SPECIAL TO WORLD TRIBUNE.COM
Friday, February 6, 2004

The U.S. military community has disputed a CIA determination that Iraq was unlikely to have transferred weapons of mass destruction to neighboring Syria and Lebanon's Bekaa Valley in early 2003.

Defense Department officials said U.S. Army intelligence and the Pentagon's Defense Intelligence Agency have concluded that Saddam Hussein might have transferred Iraq's WMD arsenal to Syria a year ago, according to reports by Geostrategy-Direct.com and Middle East Newsline.

The officials said the U.S. intelligence community has amassed sufficient evidence to press Syria to open its facilities to British-U.S. inspection.

Pentagon sources said Rumsfeld and Tenet have long been at odds regarding WMD programs under Saddam as well as in other Middle East regimes. The sources said Rumsfeld has advocated a shakeup in the intelligence community.

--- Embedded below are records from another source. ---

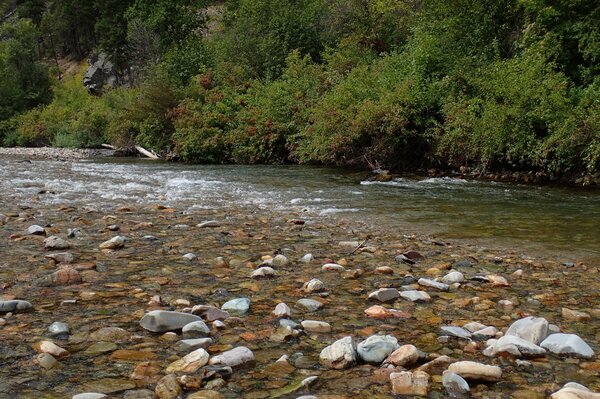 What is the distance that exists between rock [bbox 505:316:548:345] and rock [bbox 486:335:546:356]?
0.14 metres

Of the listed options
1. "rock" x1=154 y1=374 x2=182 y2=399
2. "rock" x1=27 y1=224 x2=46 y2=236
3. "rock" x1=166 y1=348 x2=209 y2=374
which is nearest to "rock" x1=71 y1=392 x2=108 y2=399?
"rock" x1=154 y1=374 x2=182 y2=399

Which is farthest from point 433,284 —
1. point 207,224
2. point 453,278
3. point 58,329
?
point 207,224

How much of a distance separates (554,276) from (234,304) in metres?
3.12

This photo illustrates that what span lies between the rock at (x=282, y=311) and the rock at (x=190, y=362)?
0.83 meters

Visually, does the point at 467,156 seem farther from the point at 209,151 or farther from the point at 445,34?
the point at 209,151

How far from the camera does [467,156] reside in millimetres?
14789

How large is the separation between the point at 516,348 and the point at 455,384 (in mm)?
603

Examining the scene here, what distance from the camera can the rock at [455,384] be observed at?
7.67 feet

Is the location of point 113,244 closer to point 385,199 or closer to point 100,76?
point 385,199

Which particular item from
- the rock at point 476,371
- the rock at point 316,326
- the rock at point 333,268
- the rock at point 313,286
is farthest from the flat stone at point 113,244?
the rock at point 476,371

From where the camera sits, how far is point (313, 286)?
4.02m

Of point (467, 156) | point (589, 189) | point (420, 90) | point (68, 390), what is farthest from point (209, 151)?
point (68, 390)

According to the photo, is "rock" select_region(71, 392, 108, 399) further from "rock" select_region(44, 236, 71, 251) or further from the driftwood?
the driftwood

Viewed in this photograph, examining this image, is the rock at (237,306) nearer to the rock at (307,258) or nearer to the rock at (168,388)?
the rock at (168,388) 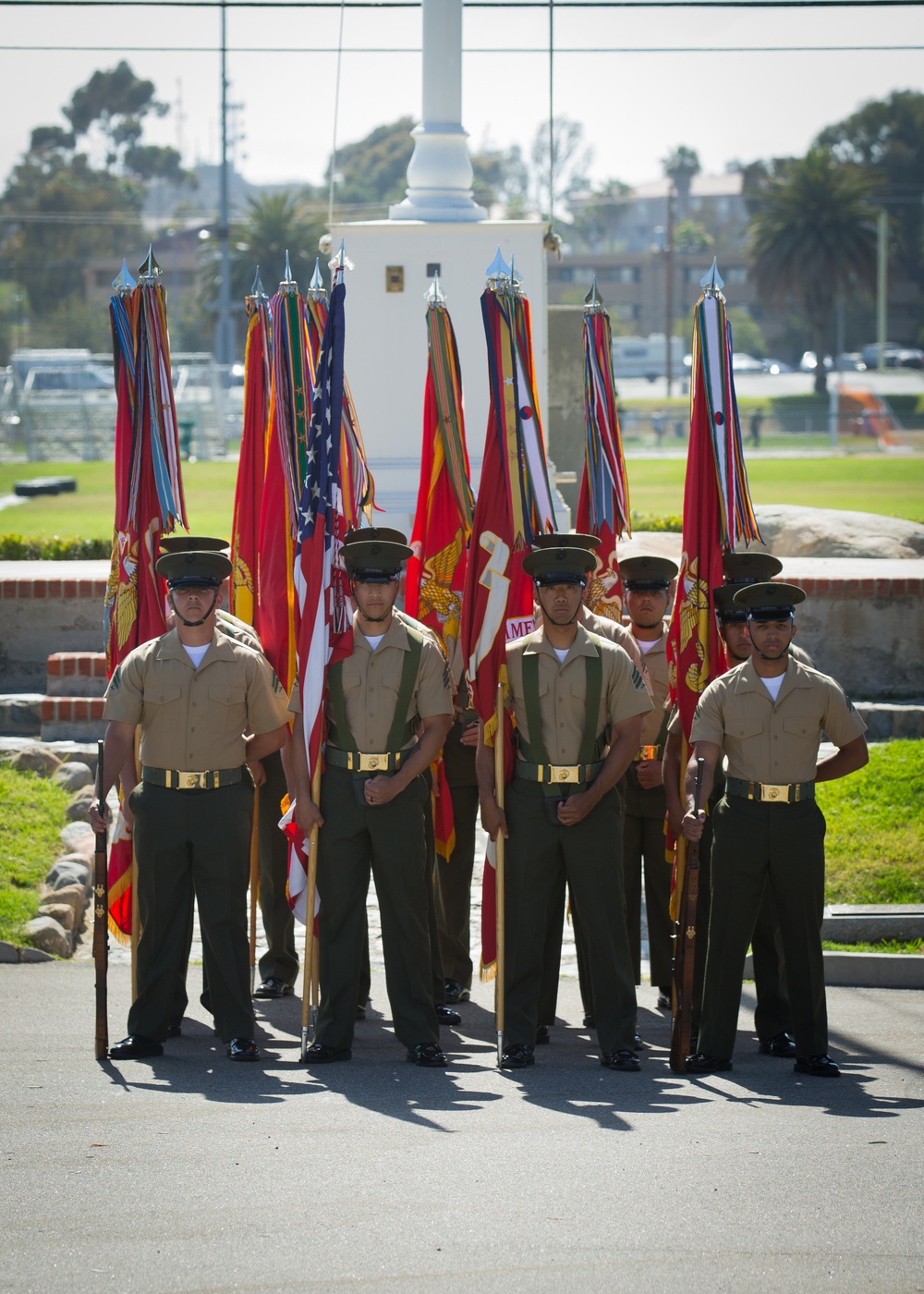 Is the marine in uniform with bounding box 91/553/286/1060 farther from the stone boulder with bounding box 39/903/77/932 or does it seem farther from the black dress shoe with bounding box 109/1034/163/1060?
the stone boulder with bounding box 39/903/77/932

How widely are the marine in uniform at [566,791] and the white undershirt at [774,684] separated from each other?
0.47 m

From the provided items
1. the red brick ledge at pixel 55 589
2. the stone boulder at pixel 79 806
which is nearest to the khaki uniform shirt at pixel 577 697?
the stone boulder at pixel 79 806

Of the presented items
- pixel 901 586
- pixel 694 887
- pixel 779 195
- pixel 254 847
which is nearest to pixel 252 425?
pixel 254 847

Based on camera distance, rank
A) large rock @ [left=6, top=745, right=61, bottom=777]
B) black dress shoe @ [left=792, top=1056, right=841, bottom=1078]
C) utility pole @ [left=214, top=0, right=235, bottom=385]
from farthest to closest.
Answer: utility pole @ [left=214, top=0, right=235, bottom=385], large rock @ [left=6, top=745, right=61, bottom=777], black dress shoe @ [left=792, top=1056, right=841, bottom=1078]

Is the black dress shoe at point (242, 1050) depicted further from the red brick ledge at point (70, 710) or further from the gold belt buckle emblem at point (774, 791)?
the red brick ledge at point (70, 710)

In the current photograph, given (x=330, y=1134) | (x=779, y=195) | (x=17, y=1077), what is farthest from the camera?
(x=779, y=195)

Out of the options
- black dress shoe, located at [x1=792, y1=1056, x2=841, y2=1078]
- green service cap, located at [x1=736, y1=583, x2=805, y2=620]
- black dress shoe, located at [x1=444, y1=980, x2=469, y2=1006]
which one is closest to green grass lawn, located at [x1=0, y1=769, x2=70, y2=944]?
black dress shoe, located at [x1=444, y1=980, x2=469, y2=1006]

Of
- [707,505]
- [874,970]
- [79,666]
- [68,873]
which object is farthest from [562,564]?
[79,666]

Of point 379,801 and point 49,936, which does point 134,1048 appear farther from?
point 49,936

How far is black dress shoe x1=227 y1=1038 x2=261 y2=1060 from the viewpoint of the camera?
235 inches

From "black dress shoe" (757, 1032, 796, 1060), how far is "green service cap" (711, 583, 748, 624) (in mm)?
1671

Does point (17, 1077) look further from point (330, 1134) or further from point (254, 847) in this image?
point (254, 847)

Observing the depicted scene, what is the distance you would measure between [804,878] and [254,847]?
2.69 meters

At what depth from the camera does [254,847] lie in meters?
7.39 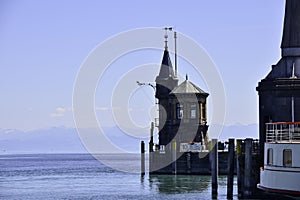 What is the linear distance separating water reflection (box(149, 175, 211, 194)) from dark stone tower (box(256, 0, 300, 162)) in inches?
437

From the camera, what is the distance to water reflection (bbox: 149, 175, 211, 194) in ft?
238

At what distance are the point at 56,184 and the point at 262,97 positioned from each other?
100 feet

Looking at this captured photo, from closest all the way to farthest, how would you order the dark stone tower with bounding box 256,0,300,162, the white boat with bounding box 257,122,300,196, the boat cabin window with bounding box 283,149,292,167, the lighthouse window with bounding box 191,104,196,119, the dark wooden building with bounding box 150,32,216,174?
the white boat with bounding box 257,122,300,196 < the boat cabin window with bounding box 283,149,292,167 < the dark stone tower with bounding box 256,0,300,162 < the dark wooden building with bounding box 150,32,216,174 < the lighthouse window with bounding box 191,104,196,119

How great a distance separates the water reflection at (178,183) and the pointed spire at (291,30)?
14.4 meters

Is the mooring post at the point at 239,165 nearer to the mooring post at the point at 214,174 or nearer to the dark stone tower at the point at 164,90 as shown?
the mooring post at the point at 214,174

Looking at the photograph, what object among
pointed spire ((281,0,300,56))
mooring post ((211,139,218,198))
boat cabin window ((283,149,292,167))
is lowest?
mooring post ((211,139,218,198))

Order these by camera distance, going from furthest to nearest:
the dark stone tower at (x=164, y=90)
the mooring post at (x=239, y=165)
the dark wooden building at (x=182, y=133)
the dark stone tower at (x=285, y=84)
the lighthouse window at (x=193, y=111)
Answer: the dark stone tower at (x=164, y=90) → the lighthouse window at (x=193, y=111) → the dark wooden building at (x=182, y=133) → the dark stone tower at (x=285, y=84) → the mooring post at (x=239, y=165)

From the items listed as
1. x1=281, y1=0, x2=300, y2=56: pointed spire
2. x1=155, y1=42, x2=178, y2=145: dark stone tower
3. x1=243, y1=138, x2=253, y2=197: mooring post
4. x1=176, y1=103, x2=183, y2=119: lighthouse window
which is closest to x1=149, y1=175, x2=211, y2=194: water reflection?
x1=155, y1=42, x2=178, y2=145: dark stone tower

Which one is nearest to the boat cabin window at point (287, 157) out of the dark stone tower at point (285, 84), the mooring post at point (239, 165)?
the mooring post at point (239, 165)

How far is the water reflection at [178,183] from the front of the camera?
72.6 metres

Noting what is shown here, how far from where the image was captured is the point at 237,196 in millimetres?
A: 60750

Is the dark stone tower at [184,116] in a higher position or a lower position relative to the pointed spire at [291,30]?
lower

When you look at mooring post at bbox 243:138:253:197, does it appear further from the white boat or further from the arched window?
the arched window

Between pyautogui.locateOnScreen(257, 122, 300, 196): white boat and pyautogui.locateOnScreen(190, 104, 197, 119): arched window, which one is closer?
pyautogui.locateOnScreen(257, 122, 300, 196): white boat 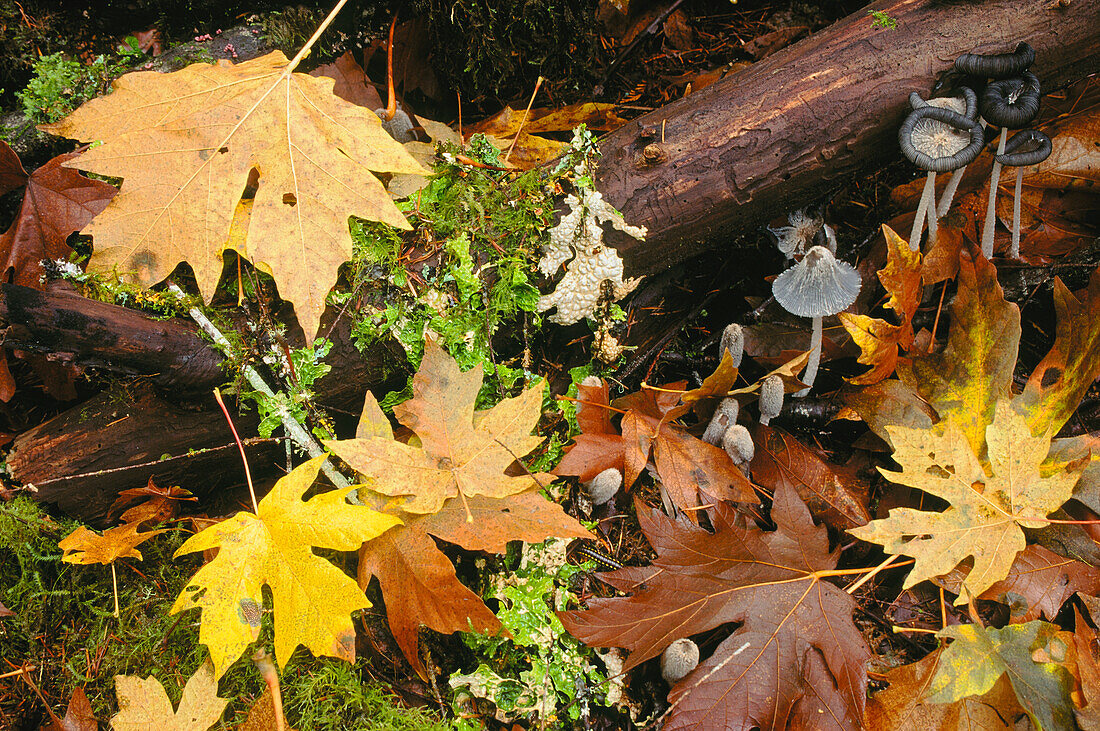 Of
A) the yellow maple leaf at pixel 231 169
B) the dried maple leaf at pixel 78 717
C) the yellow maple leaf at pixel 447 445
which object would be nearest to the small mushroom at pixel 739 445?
the yellow maple leaf at pixel 447 445

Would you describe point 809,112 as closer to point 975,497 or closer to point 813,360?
point 813,360

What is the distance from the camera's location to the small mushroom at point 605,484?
204 cm

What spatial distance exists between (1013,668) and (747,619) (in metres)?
Answer: 0.80

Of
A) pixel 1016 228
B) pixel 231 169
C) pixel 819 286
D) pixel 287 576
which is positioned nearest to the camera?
pixel 287 576

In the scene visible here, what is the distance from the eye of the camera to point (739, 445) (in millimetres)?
2055

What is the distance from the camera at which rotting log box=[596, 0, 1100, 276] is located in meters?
2.10

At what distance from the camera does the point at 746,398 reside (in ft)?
7.29

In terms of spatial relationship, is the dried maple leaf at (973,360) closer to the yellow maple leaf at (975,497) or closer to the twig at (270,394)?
the yellow maple leaf at (975,497)

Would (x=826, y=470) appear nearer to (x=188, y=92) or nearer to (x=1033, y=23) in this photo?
(x=1033, y=23)

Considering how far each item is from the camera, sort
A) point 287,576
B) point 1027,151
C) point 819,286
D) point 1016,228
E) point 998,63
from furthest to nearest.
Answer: point 1016,228
point 1027,151
point 819,286
point 998,63
point 287,576

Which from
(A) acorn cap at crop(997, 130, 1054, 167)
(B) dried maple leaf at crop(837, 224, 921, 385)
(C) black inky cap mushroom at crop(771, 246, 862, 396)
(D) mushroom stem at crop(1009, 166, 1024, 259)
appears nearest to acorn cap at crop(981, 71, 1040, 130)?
(A) acorn cap at crop(997, 130, 1054, 167)

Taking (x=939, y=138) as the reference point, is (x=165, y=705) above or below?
below

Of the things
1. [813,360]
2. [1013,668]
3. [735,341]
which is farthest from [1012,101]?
[1013,668]

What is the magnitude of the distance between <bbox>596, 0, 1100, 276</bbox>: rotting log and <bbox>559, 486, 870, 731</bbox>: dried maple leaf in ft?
3.74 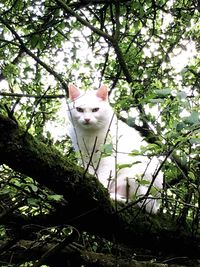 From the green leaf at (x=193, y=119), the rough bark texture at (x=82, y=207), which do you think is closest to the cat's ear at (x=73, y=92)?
the rough bark texture at (x=82, y=207)

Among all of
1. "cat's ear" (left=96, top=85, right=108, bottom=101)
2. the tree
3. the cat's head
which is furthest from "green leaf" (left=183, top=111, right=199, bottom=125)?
"cat's ear" (left=96, top=85, right=108, bottom=101)

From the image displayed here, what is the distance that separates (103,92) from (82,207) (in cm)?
204

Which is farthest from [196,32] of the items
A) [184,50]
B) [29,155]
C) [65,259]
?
[29,155]

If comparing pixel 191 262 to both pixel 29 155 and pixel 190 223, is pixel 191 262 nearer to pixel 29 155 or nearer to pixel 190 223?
pixel 190 223

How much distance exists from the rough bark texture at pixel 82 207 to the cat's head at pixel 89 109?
4.47 ft

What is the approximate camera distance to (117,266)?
2529 millimetres

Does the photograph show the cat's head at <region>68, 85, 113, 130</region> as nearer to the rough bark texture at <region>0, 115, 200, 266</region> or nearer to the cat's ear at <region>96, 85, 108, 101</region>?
the cat's ear at <region>96, 85, 108, 101</region>

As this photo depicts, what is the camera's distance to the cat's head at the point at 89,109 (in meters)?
4.02

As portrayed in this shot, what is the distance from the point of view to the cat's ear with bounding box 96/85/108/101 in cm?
411

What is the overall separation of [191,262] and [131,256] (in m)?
0.42

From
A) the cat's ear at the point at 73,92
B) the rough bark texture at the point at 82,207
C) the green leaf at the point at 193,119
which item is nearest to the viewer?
the rough bark texture at the point at 82,207

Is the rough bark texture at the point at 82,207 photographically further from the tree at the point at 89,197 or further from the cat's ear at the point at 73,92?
the cat's ear at the point at 73,92

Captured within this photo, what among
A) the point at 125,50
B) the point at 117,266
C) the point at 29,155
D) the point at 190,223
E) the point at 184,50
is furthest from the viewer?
the point at 184,50

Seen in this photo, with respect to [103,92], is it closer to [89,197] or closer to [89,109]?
[89,109] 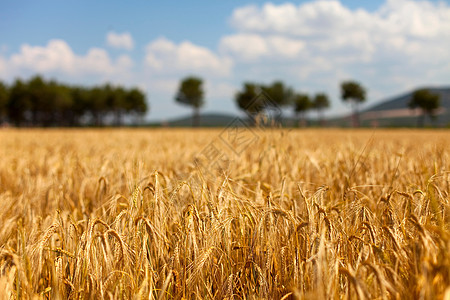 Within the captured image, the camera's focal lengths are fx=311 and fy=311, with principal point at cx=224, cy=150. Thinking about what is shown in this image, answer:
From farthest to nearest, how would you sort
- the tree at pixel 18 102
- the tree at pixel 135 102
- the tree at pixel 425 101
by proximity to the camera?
the tree at pixel 135 102, the tree at pixel 425 101, the tree at pixel 18 102

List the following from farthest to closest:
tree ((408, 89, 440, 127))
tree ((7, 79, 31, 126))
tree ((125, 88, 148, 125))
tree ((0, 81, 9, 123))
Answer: tree ((125, 88, 148, 125)), tree ((408, 89, 440, 127)), tree ((7, 79, 31, 126)), tree ((0, 81, 9, 123))

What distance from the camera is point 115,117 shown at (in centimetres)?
7938

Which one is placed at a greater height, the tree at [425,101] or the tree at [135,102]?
the tree at [135,102]

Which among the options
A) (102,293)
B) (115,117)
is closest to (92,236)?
(102,293)

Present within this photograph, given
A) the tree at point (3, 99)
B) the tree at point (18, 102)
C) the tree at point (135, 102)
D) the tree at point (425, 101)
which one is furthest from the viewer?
the tree at point (135, 102)

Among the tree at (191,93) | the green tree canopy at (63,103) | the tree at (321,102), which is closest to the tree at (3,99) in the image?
the green tree canopy at (63,103)

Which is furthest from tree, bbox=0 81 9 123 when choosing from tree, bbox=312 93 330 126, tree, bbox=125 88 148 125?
tree, bbox=312 93 330 126

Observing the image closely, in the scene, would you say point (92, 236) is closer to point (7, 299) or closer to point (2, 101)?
point (7, 299)

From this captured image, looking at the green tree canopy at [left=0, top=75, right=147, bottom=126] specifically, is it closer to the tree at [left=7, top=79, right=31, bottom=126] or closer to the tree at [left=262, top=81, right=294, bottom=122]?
the tree at [left=7, top=79, right=31, bottom=126]

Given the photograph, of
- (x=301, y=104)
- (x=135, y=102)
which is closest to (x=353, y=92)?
(x=301, y=104)

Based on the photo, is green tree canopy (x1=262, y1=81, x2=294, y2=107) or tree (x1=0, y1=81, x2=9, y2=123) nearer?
tree (x1=0, y1=81, x2=9, y2=123)

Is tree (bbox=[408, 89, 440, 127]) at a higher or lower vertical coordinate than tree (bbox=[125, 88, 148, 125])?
lower

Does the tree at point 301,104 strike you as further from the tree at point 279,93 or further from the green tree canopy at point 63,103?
the green tree canopy at point 63,103

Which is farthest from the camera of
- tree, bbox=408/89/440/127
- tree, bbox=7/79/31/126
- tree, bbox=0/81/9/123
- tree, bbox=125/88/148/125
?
tree, bbox=125/88/148/125
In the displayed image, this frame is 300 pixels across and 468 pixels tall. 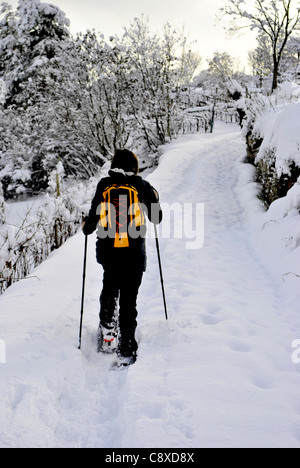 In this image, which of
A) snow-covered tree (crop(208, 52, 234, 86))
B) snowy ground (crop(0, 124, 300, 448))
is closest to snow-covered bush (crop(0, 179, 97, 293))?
snowy ground (crop(0, 124, 300, 448))

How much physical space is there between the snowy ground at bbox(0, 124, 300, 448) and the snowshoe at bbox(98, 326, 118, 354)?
0.10 metres

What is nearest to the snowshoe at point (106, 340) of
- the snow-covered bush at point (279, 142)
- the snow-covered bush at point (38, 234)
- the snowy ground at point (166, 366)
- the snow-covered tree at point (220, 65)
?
the snowy ground at point (166, 366)

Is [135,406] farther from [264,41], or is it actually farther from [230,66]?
[230,66]

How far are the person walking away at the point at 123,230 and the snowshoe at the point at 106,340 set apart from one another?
0.18 metres

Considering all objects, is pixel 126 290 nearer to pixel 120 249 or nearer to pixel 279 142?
pixel 120 249

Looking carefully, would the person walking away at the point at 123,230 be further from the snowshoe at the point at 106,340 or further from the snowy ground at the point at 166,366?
the snowy ground at the point at 166,366

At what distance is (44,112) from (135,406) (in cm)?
1527

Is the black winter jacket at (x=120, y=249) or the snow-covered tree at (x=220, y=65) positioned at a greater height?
the snow-covered tree at (x=220, y=65)

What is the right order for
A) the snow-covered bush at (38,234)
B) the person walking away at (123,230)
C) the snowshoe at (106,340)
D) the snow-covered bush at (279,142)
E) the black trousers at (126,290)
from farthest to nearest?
the snow-covered bush at (279,142)
the snow-covered bush at (38,234)
the snowshoe at (106,340)
the black trousers at (126,290)
the person walking away at (123,230)

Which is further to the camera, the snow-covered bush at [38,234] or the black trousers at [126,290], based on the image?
the snow-covered bush at [38,234]

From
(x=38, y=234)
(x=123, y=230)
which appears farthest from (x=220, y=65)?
(x=123, y=230)

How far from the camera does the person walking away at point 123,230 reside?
8.54 feet

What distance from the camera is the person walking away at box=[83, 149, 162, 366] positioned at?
2.60 m

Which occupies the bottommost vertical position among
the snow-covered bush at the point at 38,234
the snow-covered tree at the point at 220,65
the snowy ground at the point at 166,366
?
the snowy ground at the point at 166,366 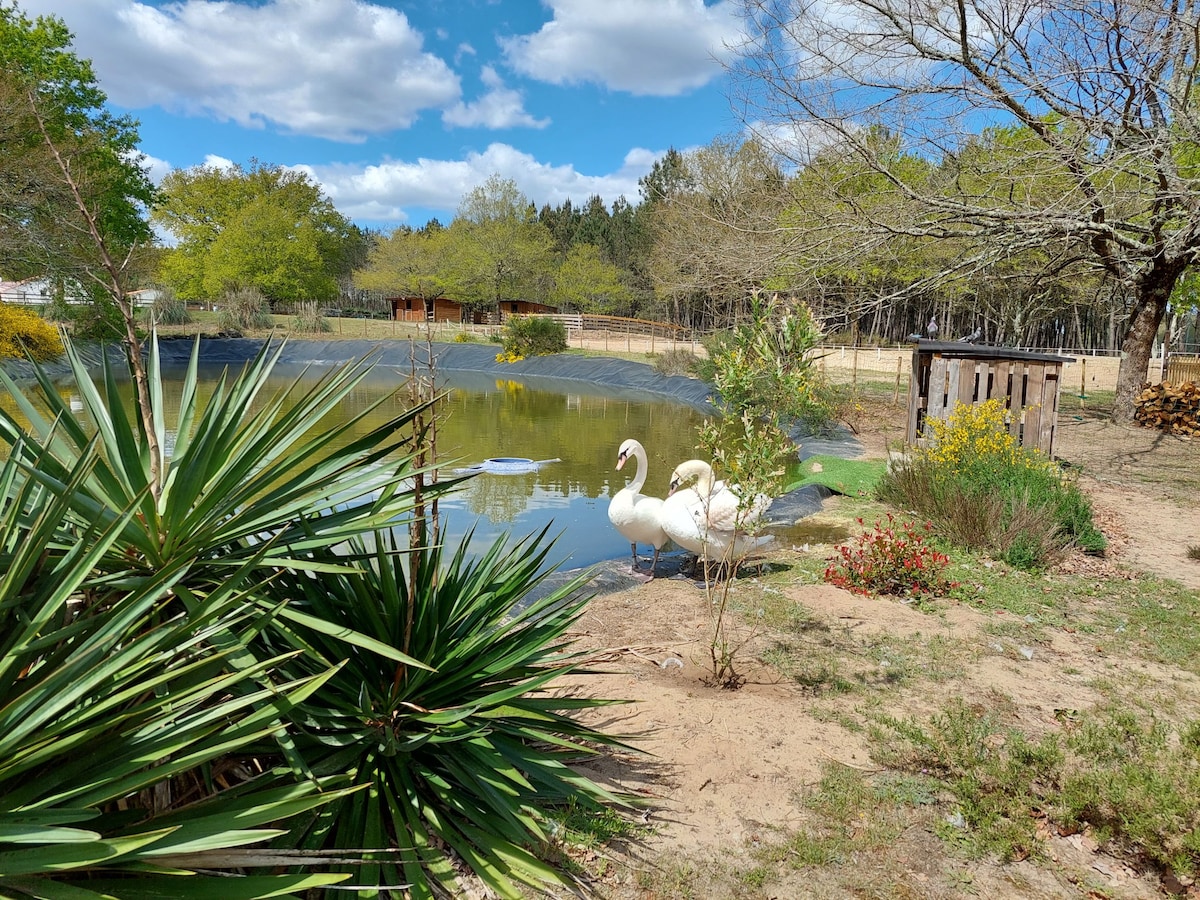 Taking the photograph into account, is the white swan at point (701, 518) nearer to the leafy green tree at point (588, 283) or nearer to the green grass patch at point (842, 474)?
the green grass patch at point (842, 474)

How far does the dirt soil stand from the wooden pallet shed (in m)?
2.71

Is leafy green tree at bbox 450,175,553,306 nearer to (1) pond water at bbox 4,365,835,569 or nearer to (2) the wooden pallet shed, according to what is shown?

"The record of the [U.S.] intelligence community, particularly with respect to the Middle East and the Persian Gulf, is an appalling record," Richard Perle, former chairman of the Defense Policy Advisory Board, which advises the Pentagon, said.



Geostrategy-Direct.com reported in its Aug. 19, 2003 edition that Israeli intelligence had identified what were believed to be Iraqi weapons of mass destruction goods in Hizbullah-controlled Lebanon. The Israelis used a spy satellite to photograph several tractor-trailer loads of suspected weapons into the Bekaa Valley, where the Islamist terrorist group is based, according to U.S. officials cited by the report. Shipments were made between January and the first week of March in 2003.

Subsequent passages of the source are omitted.